The result should be an exact copy of the data, free of pictures.

[Image-text web data]
—————

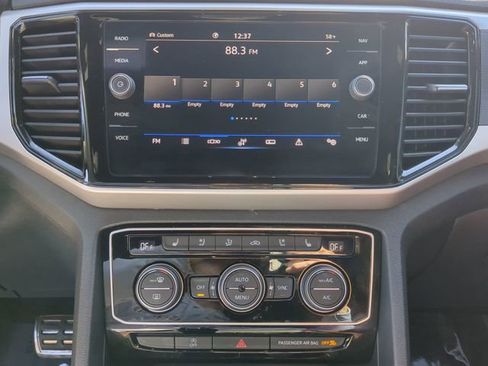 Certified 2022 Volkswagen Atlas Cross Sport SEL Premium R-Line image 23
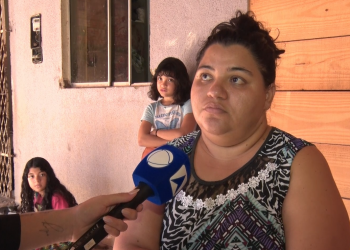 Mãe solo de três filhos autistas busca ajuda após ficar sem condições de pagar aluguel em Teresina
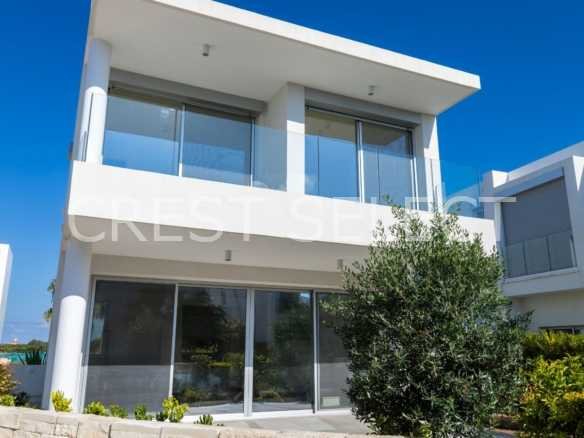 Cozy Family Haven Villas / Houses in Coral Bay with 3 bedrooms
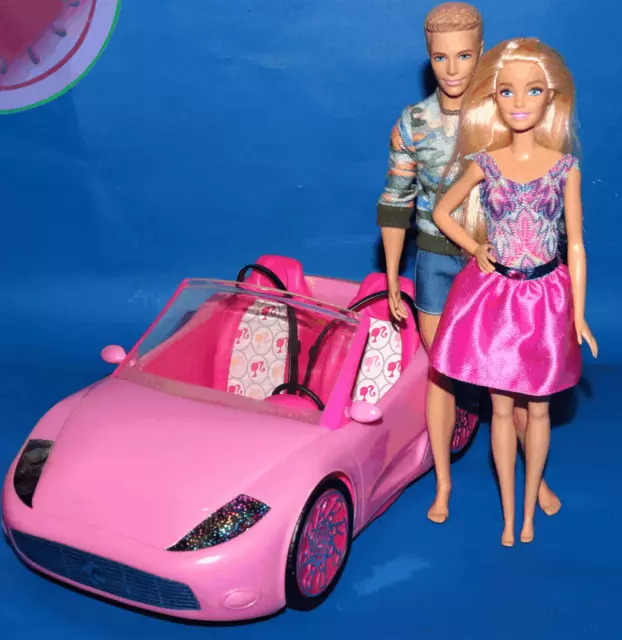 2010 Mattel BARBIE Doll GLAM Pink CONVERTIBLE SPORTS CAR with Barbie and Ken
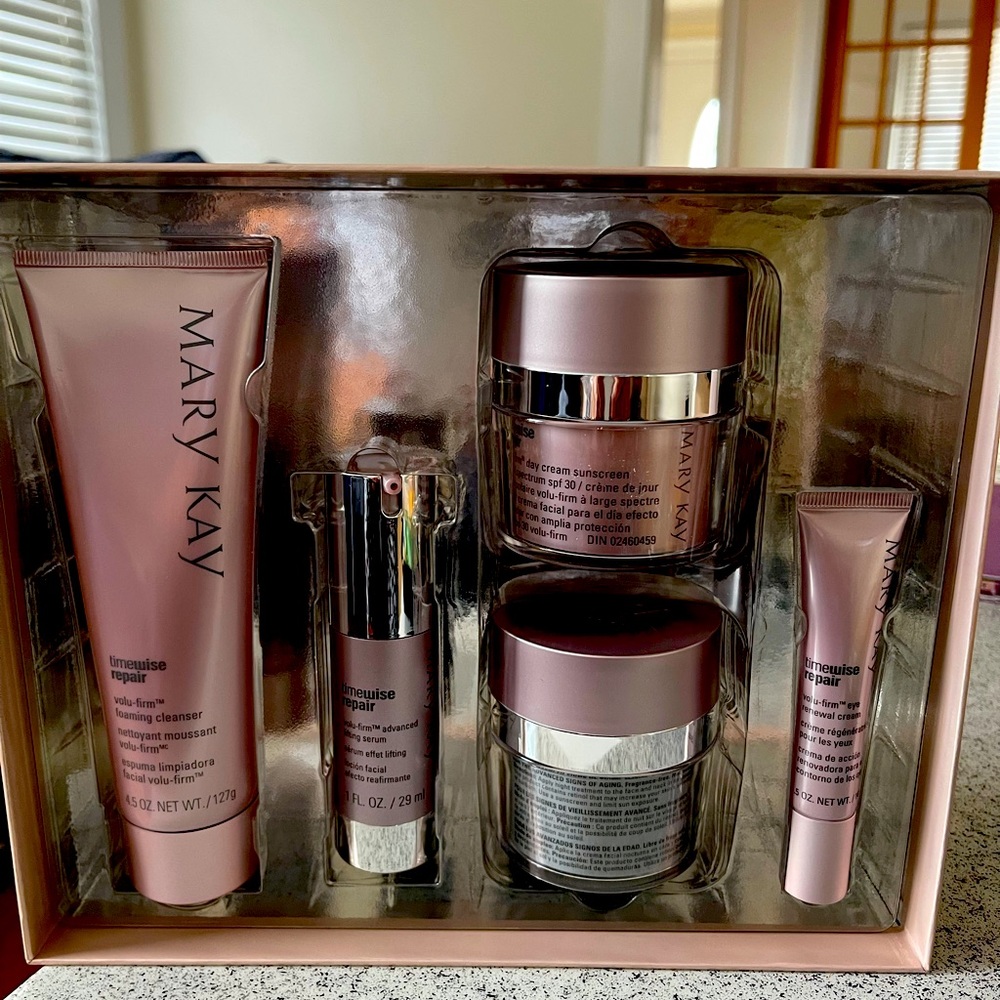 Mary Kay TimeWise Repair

—————

■ Answer box ■
 Certified 2022 Volkswagen Atlas Cross Sport SEL Premium R-Line image 23
 Mãe solo de três filhos autistas busca ajuda após ficar sem condições de pagar aluguel em Teresina
 Cozy Family Haven Villas / Houses in Coral Bay with 3 bedrooms
 2010 Mattel BARBIE Doll GLAM Pink CONVERTIBLE SPORTS CAR with Barbie and Ken
 Mary Kay TimeWise Repair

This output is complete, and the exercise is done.